Mood: Excited, nervous and curious.
I knew it’d be fine Jodie. You’re a bloody worrier, you always have been. You spend hours upon hours worrying, overthinking and trying to find solutions to things that always work themselves out. Any of my friends can vouch for me and say that I’m a worrier, Liv and Hannah especially. Can you believe I’ve been friends with them for 10 years this year?? (and Anna and Sophie was 10 years last year!) It makes my stomach go funny just thinking about where these years have gone. I still love them so much, they’ve come so far already. Maybe I should save the emotional post about how much I miss my friends for another time.
So yeah, I have a job and there is nothing to worry about at all. I start tomorrow – I have training from 9am and then a class in the afternoon. It’s a training school, which means it’s sort of extra curricular classes for children (that probably cost a fucking bomb) and I start around 1/2pm during the week and teach for 40 minutes at a time. Then on the weekends it’s all day from 8am (lol fucking kill me now). I get Monday’s off and usually another day but it varies. I’m currently sat in Starbucks with my “Teaching English as a Foreign Language for Dummies” Book, colourful pens and freshly bought notebooks to try and seem as if I know what the fuck I am doing, but I really don’t. The kids are from 3-6, I’ve got no experience teaching that age PAHAHA wish me luck *she says mentally in a high pitched sarcastic Jodie voice with her mental thumbs up*
Toilets here are different which probably shouldn’t have came as a surprise to me but I just can’t get used to it. Toilets in the household are like normal sit down toilets, but public/restaurant toilets are holes in the floor. Now, I have NEVER ever been good at squatting and peeing (again my friends can vouch for this). We had many field parties “back in the day” where we would chug bottles of Caribbean Twist, wear wellies with knee high socks and denim shorts and scream the words to “We Are Young” by F.U.N is the pissing rain. Girls would desperately try not to break the seal by dancing with their legs crossed because once it’s broken you gotta piss all the time. For a guy it’s easy, you whip ya dick out and piss in a bush and straight back to necking on your 7th tinny or that girl you never thought you found attractive until that night. BUT FOR THOSE BLESSED WITH MAGICAL VAGINAS it’s a whole other fucking mission… first and foremost you have to find another girl to go and pee in a bush with you, secondly (if you’re like me and hate drip drying) you ask 20 girls if they have tissue and they almost always say no… why did none of us ever learn to bring toilet roll??? Thirdly you have to find a good spot, out of sight from the party, and boys, which is a good 10 minutes walk away whilst smashed and through cow shit and bogs. Then you do the deed – you have to spread your feet shoulder width apart (or wider) bend low, lean a bit forward and pee. OH and pull your bottoms far enough away. EVERY WOMAN WHO SAYS THEY NEVER PEED ON THEIR FOOT IS A LIAR, DON’T TRUST THEM. I used to go back to the party with urine covered welly boots and little bits of splash back covering the backs of my thighs every time. I don’t know how biology constructed my vagina but it’s all wrong, my urethra (the pee hole) is definitely at some fucked at angle because it’s like I pee forwards. I STILL can’t pee in a squat position, I just don’t know how to do it. Maybe it’s because I’m a fucking giant with paddles for feet as well as have a retarded vagina. The toilets are bowl shaped so when I pee DIRECTLY IN FRONT OF ME little splashes of urine bless the tiled flooring in front and then I have to shimmy my size 8 feet out the way. It’s all very awkward.

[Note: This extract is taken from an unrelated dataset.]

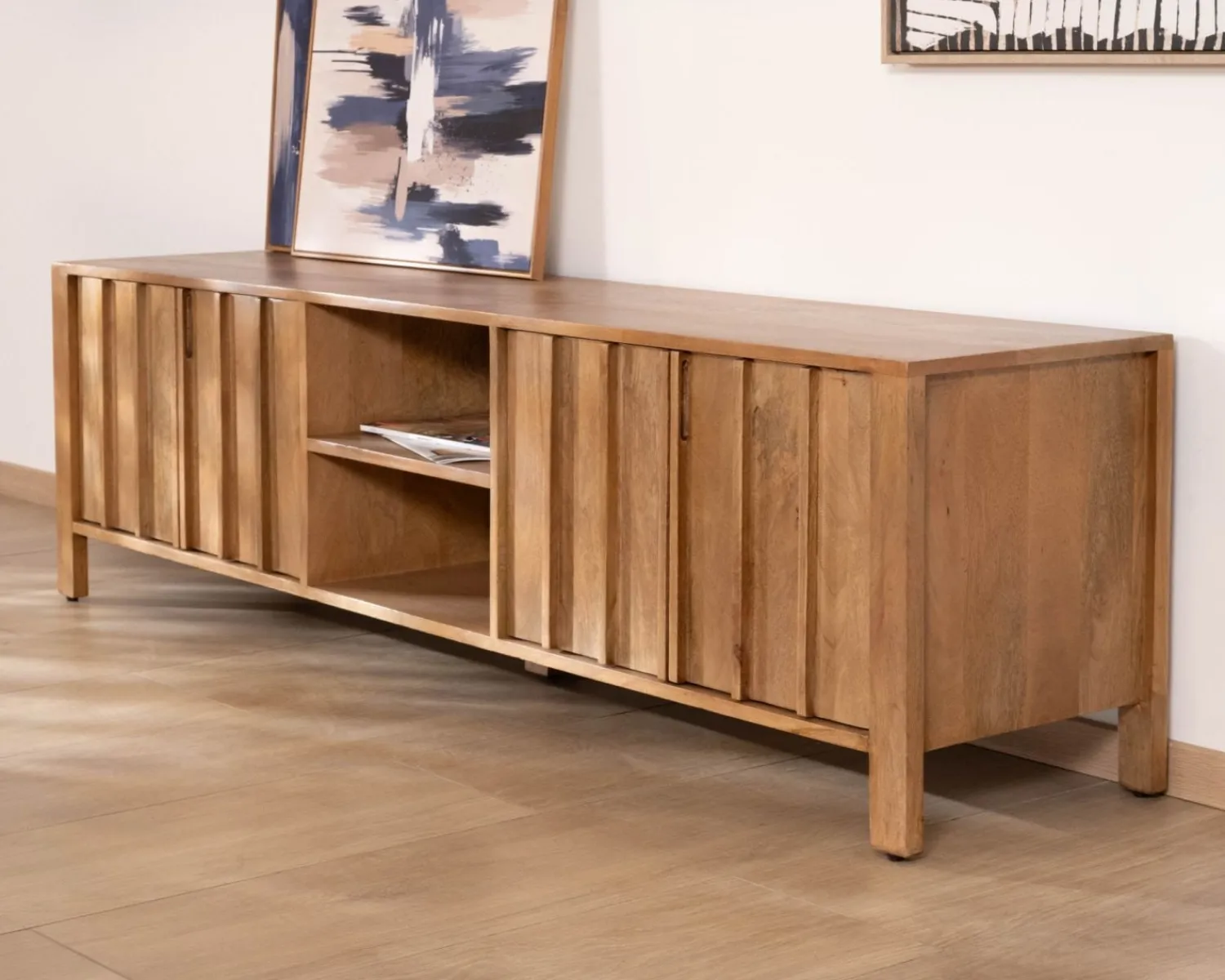 Meuble House Meuble TV rétro-chic en manguier massif naturel 180 cm « Sicaly » Best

Today as I was squatting I thought to myself, “I wonder if any old women with dodgy knees and a bad back have ever gotten stuck in one of these? How do they cope getting back up? Should there not be at least one sitting toilet for the old women?”
Also, I now have an extended fear of shitting in public.
I would apologise for the discussion about the abject and bodily functions, but my First Class Honours degree in Theatre & Performance liberated me too much as a woman so I won’t.